Authorities in America are preparing to wage all-out war against smugglers of Ecstasy amid growing evidence of a surge in the circulation of the mood-enhancing drug across the US in big cities and small suburban towns alike.

Long popular in Europe, the drug began to take hold in the US only a few years ago and was initially limited mostly to the rave scene in New York, Miami and Los Angeles. Officials now say the drug has become a commodity in high schools and shopping malls in virtually every state.

The extent of the explosion was spelled out at a three-day conference on Ecstasy in Washington last week. Customs and drugs enforcement officials said that in the past seven months, 8 million pills were seized from traffickers and dealers, more than 20 times the number confiscated for the whole year in 1998.

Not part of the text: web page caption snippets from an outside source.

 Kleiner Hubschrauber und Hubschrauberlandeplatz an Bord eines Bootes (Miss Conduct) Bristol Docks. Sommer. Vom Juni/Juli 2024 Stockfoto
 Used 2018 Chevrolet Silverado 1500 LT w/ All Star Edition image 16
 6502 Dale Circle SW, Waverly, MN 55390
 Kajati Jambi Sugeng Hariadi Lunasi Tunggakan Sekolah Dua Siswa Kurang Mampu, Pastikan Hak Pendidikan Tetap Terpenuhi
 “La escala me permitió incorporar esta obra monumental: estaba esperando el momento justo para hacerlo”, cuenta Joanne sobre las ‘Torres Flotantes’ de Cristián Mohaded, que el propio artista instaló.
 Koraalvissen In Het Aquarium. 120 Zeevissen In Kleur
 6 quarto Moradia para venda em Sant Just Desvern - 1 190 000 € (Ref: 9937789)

"The use of Ecstasy has skyrocketed," confirmed Barry McCaffrey, the White House drug policy director. He announced plans to spend $5m (£3m) on an advertising campaign to warn young people against the potential long-term effects that the drug, also called E, can have on the brains of regular users.

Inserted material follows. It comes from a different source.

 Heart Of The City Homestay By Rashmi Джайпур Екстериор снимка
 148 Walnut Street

Efforts are meanwhile being made to draw up draconian new laws, both at the federal level and in state legislatures, to harden significantly the penalties for those peddling the small pills. The Senate has draft legislation before it named the Ecstasy Anti-Proliferation Act.

A synthetic drug, Ecstasy - or, to use its chemical name, 3-4 methylenedioxymethamphetamine - was not even declared illicit in the US until 1985. By flooding the brain with naturally occurring serotonin, it elicits feelings of immense well-being and sociability. Not associated with either violent or moody behaviour, it is also called the "hug-drug".

There is an accumulating body of scientific research, however, confirming that use of E can damage the brain. Immediate side-effects can include over-heating and a rise in blood pressure. But it is widely seen by its users as essentially benign and physically non-addictive.

The invasion of the drug has drugs and customs agents switching their attention from Latin America to western Europe. An estimated 80 per cent of the Ecstasy pills entering the US are manufactured in the Netherlands, while the smuggling operations have mostly been traced to Israelis.

"It has changed our institutional mindset," Raymond Kelly, the Commissioner of the Customs Service said at the conference. "We were kind of southern-focused, and now we've had to extend our focus to Europe."

Several recent busts have dramatised the drug's new popularity in America and the toughening attitude of the police and politicians. Ten days ago police in Los Angeles seized more than 2 million tablets worth $40m.

In New Jersey, where a new law was enacted in early July making possession and intent to distribute a first-degree crime, police arrested two university students found with a stash of 49,000 Ecstasy pills in a storage garage in the small town of Neptune.

What began as a criminal investigation has now also become a tragedy. Within hours of being taken to a police cell, one of the pair, Kenneth Gregorio, 23, hanged himself using a drawstring from his trousers.